Segundo o Comitê para Pedras de Tropeço de Milão, a perseguição à família Levi começou assim que as primeiras leis raciais fascistas foram aplicadas, em 1938. Aldo, engenheiro, perdeu o emprego na prefeitura, e Italo foi expulso da escola. Em dezembro de 1943, a família decidiu fugir para a Suíça, mas foi presa no meio do caminho. Semanas mais tarde, os quatro foram deportados para o campo de concentração de Fossoli. Em 1944, foram levados para Auschwitz, onde foram mortos.
“Foi uma grande dor saber que eles tinham ido parar em Auschwitz”, diz Paola Vita Finzi, 92, que foi vizinha dos Levi. Autora do pedido de instalação das pedras em homenagem à família, ela acompanhou na última quinta-feira (23) a instalação das quatro peças em frente ao prédio onde moraram. “Nossas famílias eram muito amigas. Italo tinha a mesma idade que minha irmã, eles iam na mesma escola.”
Em Milão, a instalação é decidida pelo comitê, que recebe pedidos, realiza a pesquisa em torno da deportação e autoriza a instalação. Famílias e amigos pagam os custos de fabricação, em torno de EUR 150, enquanto a prefeitura faz o buraco na calçada e a colocação, que dura pouco mais de dez minutos.
O projeto das pedras de tropeço é um monumento difuso por várias cidades europeias, a partir da criação do alemão Gunter Deming, dos anos 1990. A proposta é que, apesar da discreta posição, a placa provoque nos passantes um tropeço simbólico na história das vítimas.
Há mais de 70 mil peças instaladas, sendo a maior concentração na Alemanha. Em Milão, incluindo as deste ano, são 224 pedras desde 2017, diante de cerca de 2.000 deportações ocorridas entre 1943 e 1945. Em toda a Itália, estima-se que foram deportados 7.000 judeus e outros milhares de opositores do regime nazifascista.
Presidente do comitê milanês das pedras de tropeço, Alessandra Minerbi diz à reportagem que a iniciativa é uma forma de se aproximar dos acontecimentos da Segunda Guerra Mundial por meio de histórias individuais. “Mas infelizmente não acredito muito em dizer que, se conhecemos o passado, ele não vai ser repetir. Me parece que essa fórmula não vale mais, é velha e retórica. Neste dias, é difícil dizer que a história tenha nos ensinado alguma coisa.”
Por ter tido papel relevante no movimento de resistência e libertação da ocupação alemã, o Dia da Memória, comemorado nesta segunda-feira (27), é bastante celebrado em Milão, com eventos culturais e educativos.

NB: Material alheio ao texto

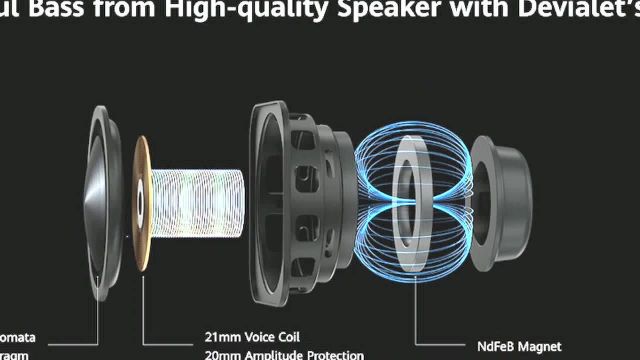 华为AI音箱Sound X:出色的美学设计、帝瓦雷双低音炮、支持华为share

Instituída na Itália em 2000 e, cinco anos depois, incluída no calendário da ONU, a data é uma referência ao dia em que os russos liberaram Auschwitz, em 1945.
Um dos principais marcos é o Memorial da Shoah, criado sob a principal estação ferroviária de Milão, de onde saíram trens com centenas de deportados. O museu ocupa a plataforma conhecida como 21, usada originalmente para despacho de carga postal. A partir de dezembro de 1943, esses mesmos trens passaram, de forma velada, por meio do trilho subterrâneo, a transportar pessoas para os campos de concentração e extermínio.